Source records:
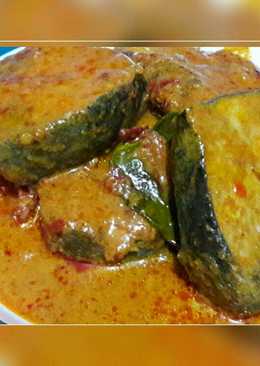 Rendang ikan tongkol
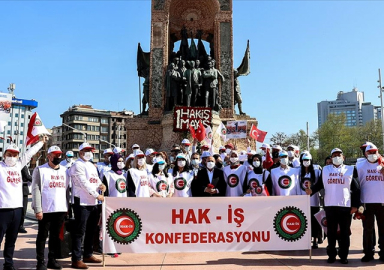1 Mayıs Emek ve Dayanışma Günü kutlanıyor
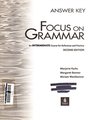 Focus on Grammar 2nd Edition Focus on Gram IntermAnswer Key 2e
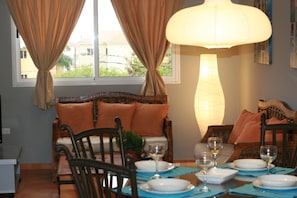 In-room dining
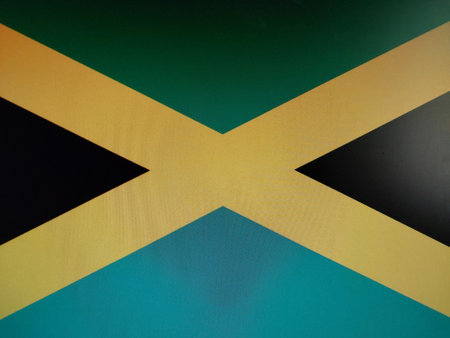 Official flag symbol of a stateの写真素材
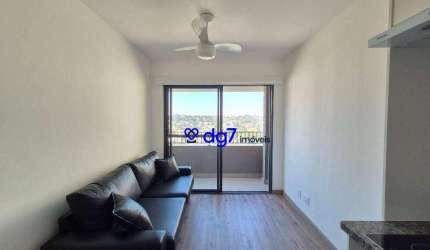 Apartamento com 1 dormitório para alugar, 31 m² - Butantã - São Paulo/SP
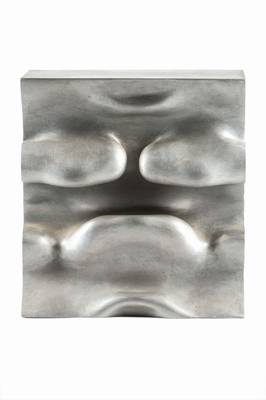 Wilhelm Loth, 1920-1993, Weiblicher Torso, Aluminium-Skulptur, monogrammiert WL, num. 7/50, ca. 27x25x16,5 cm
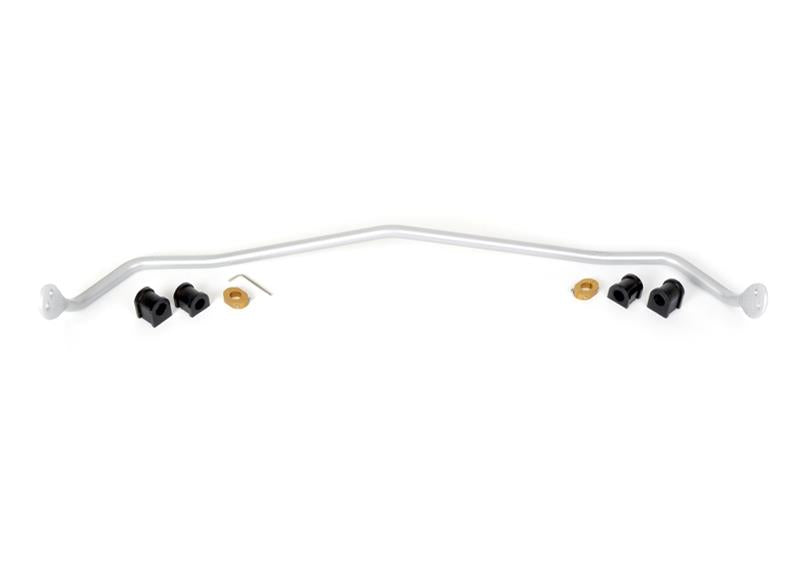WL Sway Bars - Rear - Whiteline 7/03+ Mazda RX8 FE Rear 18mm Heavy Duty Adjustable Swaybar
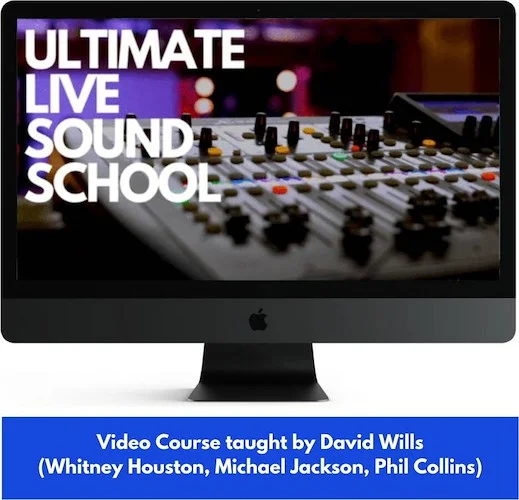 Ultimate Live Sound School Video Training Course (Download) <br>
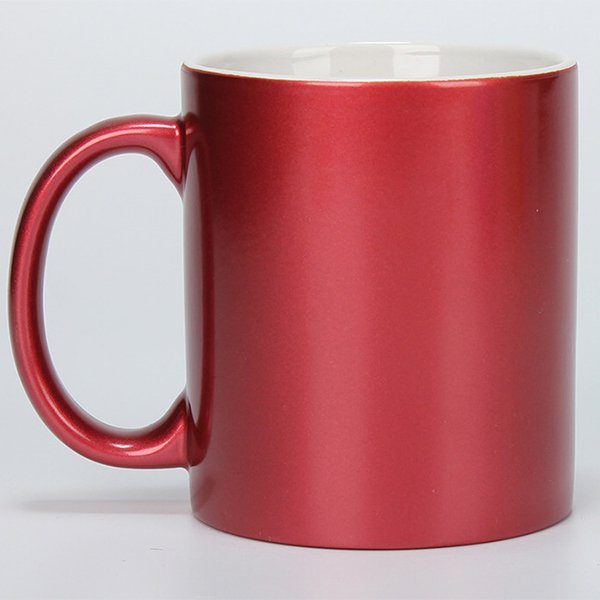 熱昇華馬克杯-300ml光澤外塗層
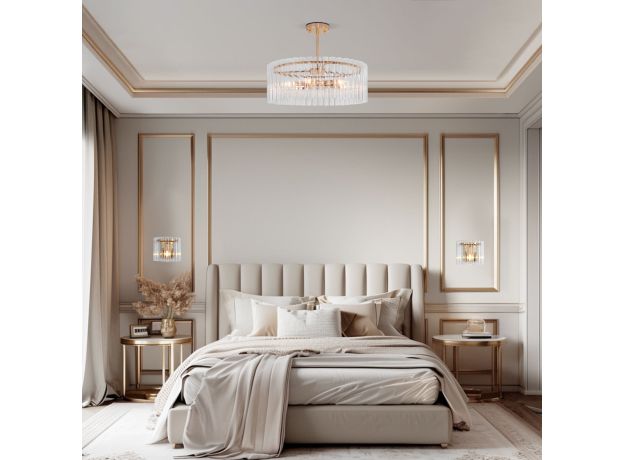 Настенный светильник 373/1 золото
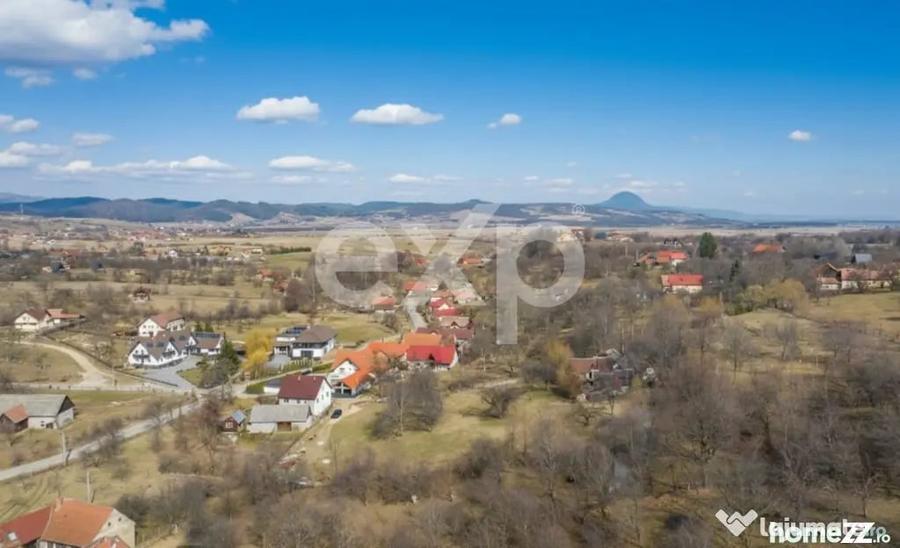 Teren de 1614 mp, în Sohodol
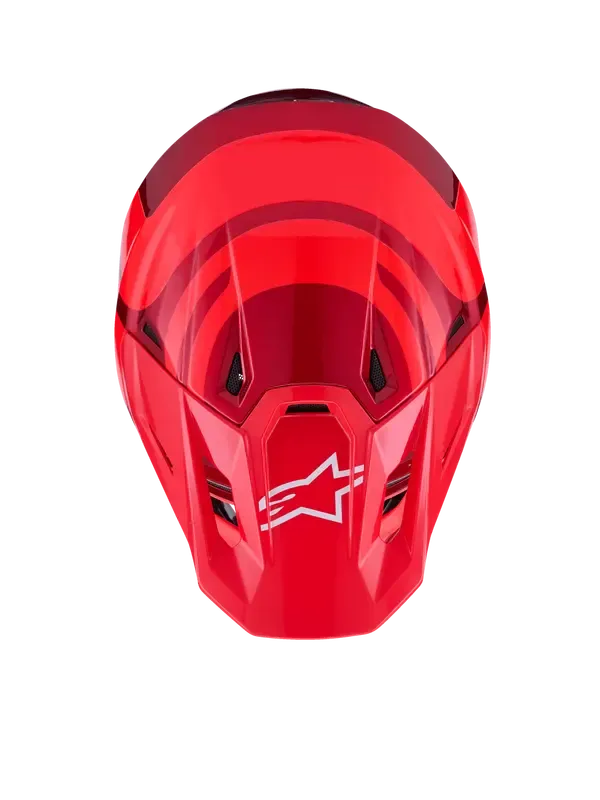CASCO ALPINESTARS HELMET SM7 CORE RED-GLOSS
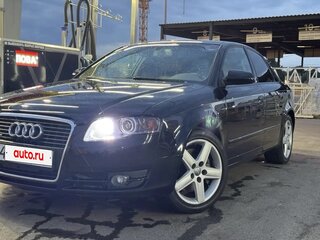 2005 Audi A4 III (B7), чёрный, 400000 рублей, вид 1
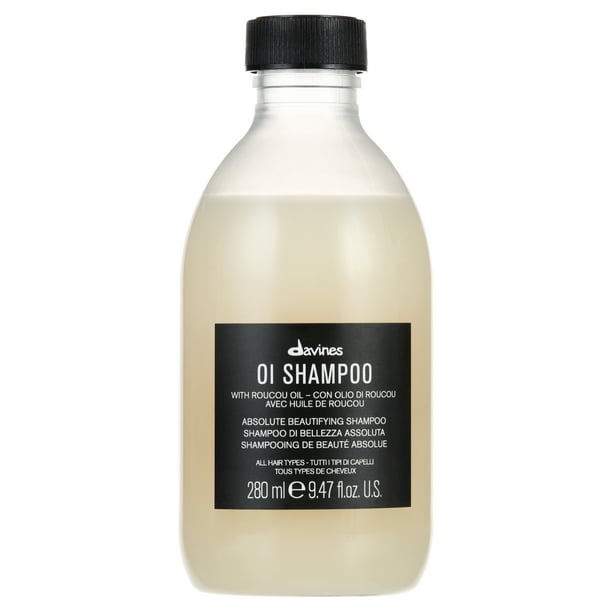 Davines OI Shampoo 9.46oz-Angela O Studio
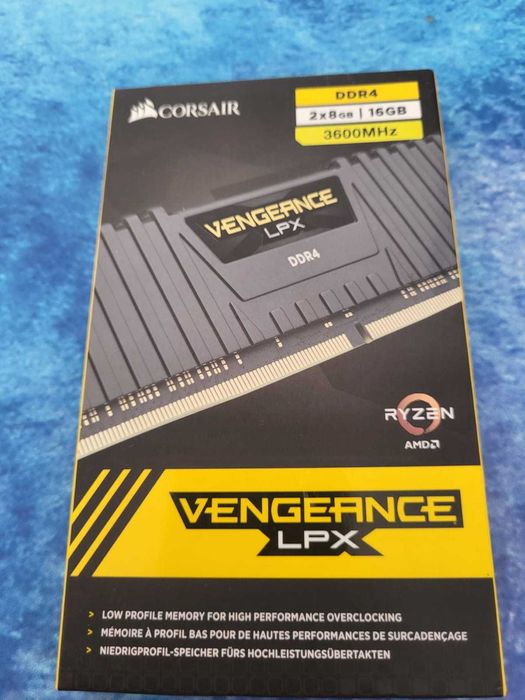 Kit Memorii Ram Corsair Vengeance LPX 16GB DDR4 2X8GB 3600MHz CL18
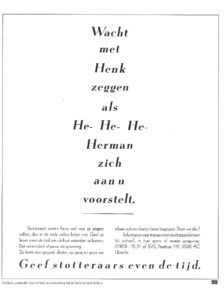 1987 stotteren henk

- Problem to solve
Print exactly, and print only, the lines from the line with "Ultimate Live Sound" through the last line of the entries, both ends included. No pictures belong in the result.

- Result of the task
 Ultimate Live Sound School Video Training Course (Download) <br>
 熱昇華馬克杯-300ml光澤外塗層
 Настенный светильник 373/1 золото
 Teren de 1614 mp, în Sohodol
CASCO ALPINESTARS HELMET SM7 CORE RED-GLOSS
 2005 Audi A4 III (B7), чёрный, 400000 рублей, вид 1
 Davines OI Shampoo 9.46oz-Angela O Studio
 Kit Memorii Ram Corsair Vengeance LPX 16GB DDR4 2X8GB 3600MHz CL18
 1987 stotteren henk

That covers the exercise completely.